CONSELHO DE DIREITOS HUMANOS

ARGENTINA
Capital: Buenos Aires
IDH: 0.836 (40º)
Religião: 90,3% cristianismo (87,2% católicos, 12,1% outros – desfiliados 5,1%, dupla filiação 3,9%), 6,3% agnosticismo e ateísmo, 3,4% outros
Sistema Político: República Presidencialista
Presidente: Mauricio Macri
Principais Parceiros Comerciais: Exportação: Brasil, Chile, China; Importação: Brasil, China, Estados Unidos
Língua Oficial: Espanhol
Organizações Internacionais: Banco Mundial, FMI, Comunidade Andina (membro associado), Grupo do Rio, Mercosul, OEA, OMC, ONU
Tipo da pena: Não tem pena de morte
Em 2 de setembro de 2008, a Argentina ratificou o Segundo Protocolo Facultativo ao Pacto Internacional sobre os Direitos Civis e Políticos em vista a abolição da pena de morte. Tal acontecimento foi seguido também pela ratificação do governo do Protocolo à Convenção Americana sobre Direitos Humanos referente à abolição da pena de morte, em 5 de setembro, tornando assim o país como décimo a manifestar tal ratificação. Esse fato é responsável pela abolição da pena de morte para todos os crimes, incluindo os cometidos em tempos de conflitos armados ou em tempo de paz por membros das forças armadas e destitui os tribunais de Justiça Militar. Assim, as iniciativas tomadas pelo governo da Argentina ilustram o seu compromisso internacional para a abolição da pena capital, que teve a sua última execução no ano de 1916.

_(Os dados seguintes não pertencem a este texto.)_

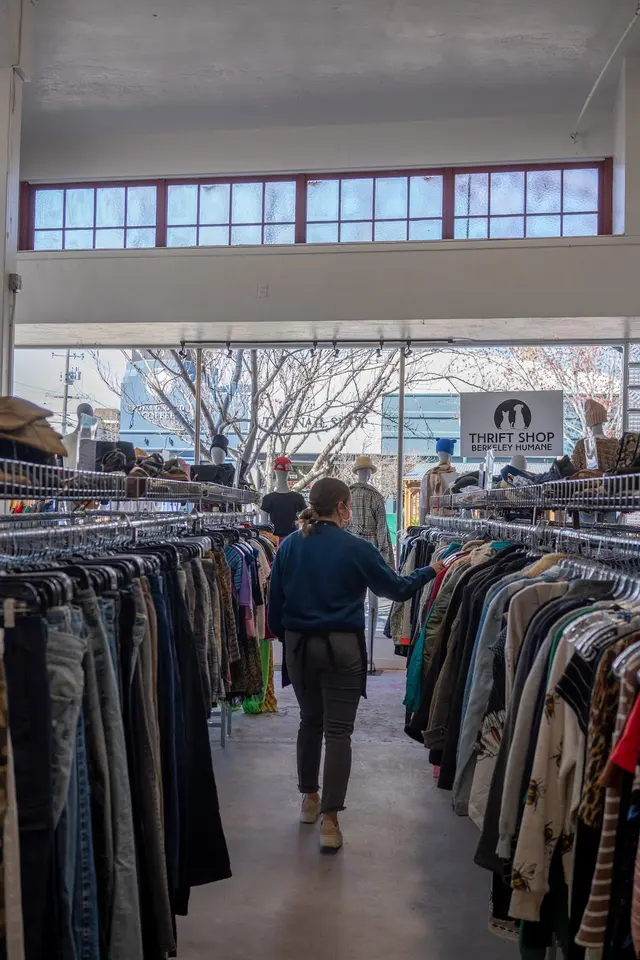 Thrift Shop supporting Berkeley Humane — photo from the business 2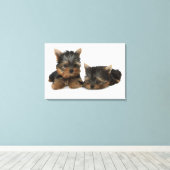 Yorkshire Terrier Canvas Afdruk (Insitu (Houten vloer))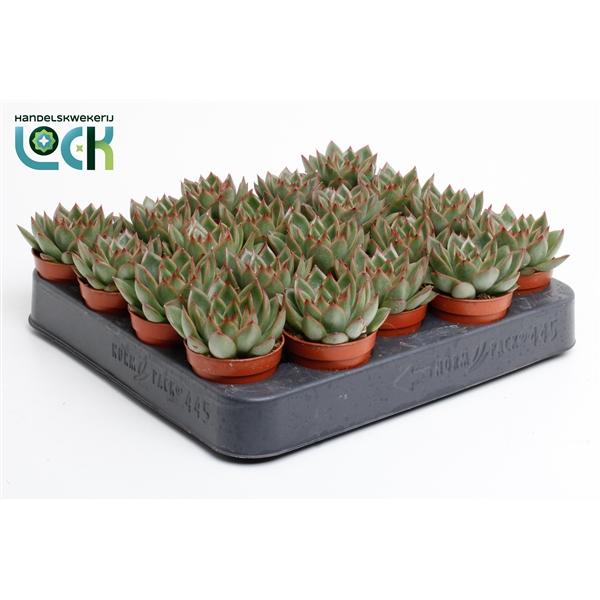 Горшечные цветы и растения оптом Echeveria Agavoides от 20шт (для телеги) из Голландии с доставкой по России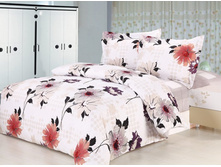 07839 �������� ����������� ����� 2-��. 4 ��������. ������ 100%. ������������ 180�205 - 1 ��, �������� 210�230 - 1 ��, ��������� 50x70 - 2 ��.   ���� - 1800,00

Dessa forma, é notório o destaque da Argentina no quesito “direitos humanos”. O país tem sido a vanguarda na aplicação de justiça aos responsáveis pelos crimes de lesa-humanidade em períodos de exceção, criando jurisprudência em nível internacional. Diferente de outros países que passaram por sistemas ditatoriais, a Argentina gestou uma doutrina jurídica e uma política de Estado que permitiu gerar um corpus para a realização de julgamentos e a aplicação de penas coerentes aos responsáveis por estes crimes.